The 2013 City of Vancouver Book Award nominations have been announced. The 25th annual City of Vancouver Book Award will be presented at the Mayor’s Arts Awards Gala at Science World (1455 Quebec St.) on Nov. 22. Poetry, memoir and non-fiction books – all very Vancouver-centric – are up for the award, which is picked by a jury that includes a retired librarian.
The books are:
Jancis M. Andrews, The Ballad of Mrs. Smith (Hedgerow Press) – According to the publisher’s website, The Ballad of Mrs. Smith “is a narrative sequence of poems, telling the story of an abused wife who flees from her home in an upscale neighbourhood to find refuge in a rooming house in Vancouver’s Downtown Eastside” and says the book is “Enlivened with humour and a keen eye for detail, the poems deepen our understanding of an often-neglected segment of society.” Author Jancis M. Andrews was born in England in 1934, ran away from a violent home life at 14, and immigrated to Canada with her husband and two children in 1965. She obtained a degree in Creative Writing from UBC at the age of 53. She lives in Sechelt, B.C.

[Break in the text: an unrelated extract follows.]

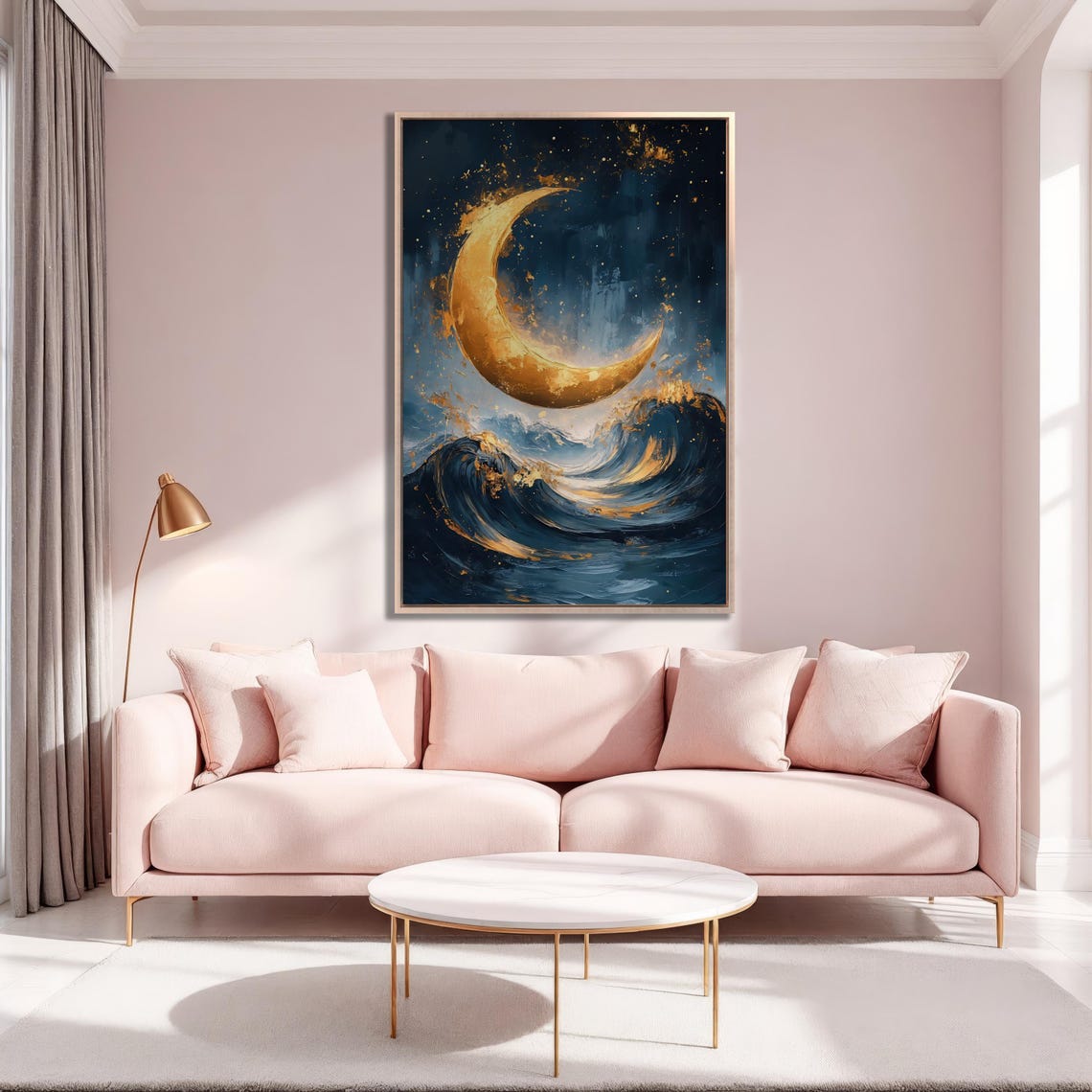 Golden Crescent Moon Glowing Over Midnight Blue Ocean Waves Poster - Image 2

Brad Cran, Ink on Paper (Nightwood Editions) – More poetry, this time from former City of Vancouver Poet Laureate Brad Cran. The publisher describes Cran’s second book of poems as “a compelling collection of political poems that seek to elucidate our relationships with our surroundings as well as those who surround us… Cran’s poems are a fresh, provocative examination of urban culture, the natural world and issues of social justice, told with keen awareness and a gritty poetic precision.”
Amber Dawn, How Poetry Saved My Life (Arsenal Pulp Press) – Dawn’s book is a memoir of her time as a sex trade worker, and follows her first a novel, Sub Rosa. Reviewing How Poetry Saved My Life in the National Post, Stacey May Fowles writes, “Amber Dawn has written a powerful and necessary meditation on this very need for personal agency…”
Harold Kalman and Robin Ward, Exploring Vancouver – The Architectural Guide (Douglas & McIntyre) – Photographs and text provide an extensive tour of the city’s past and present buildings. Architecture critic Trevor Boddy writes, “Easily the most substantial, witty and fearless companion for touring the buildings/streets of Vancouver—all other guides are fly-bys.”
Sean Kheraj, Inventing Stanley Park (UBC Press) – An environmental history of the gem in Vancouver’s eyeball, with illustrations and textual details.
According to the Awards’ press release, “The five shortlisted titles were chosen by an independent jury that included: Elee Kraljii Gardener, an award-winning poet and director of the Thursdays Writing Collective; Paul Whitney, a retired City librarian; and Andrea Davies, owner of Hager Books in Kerrisdale.”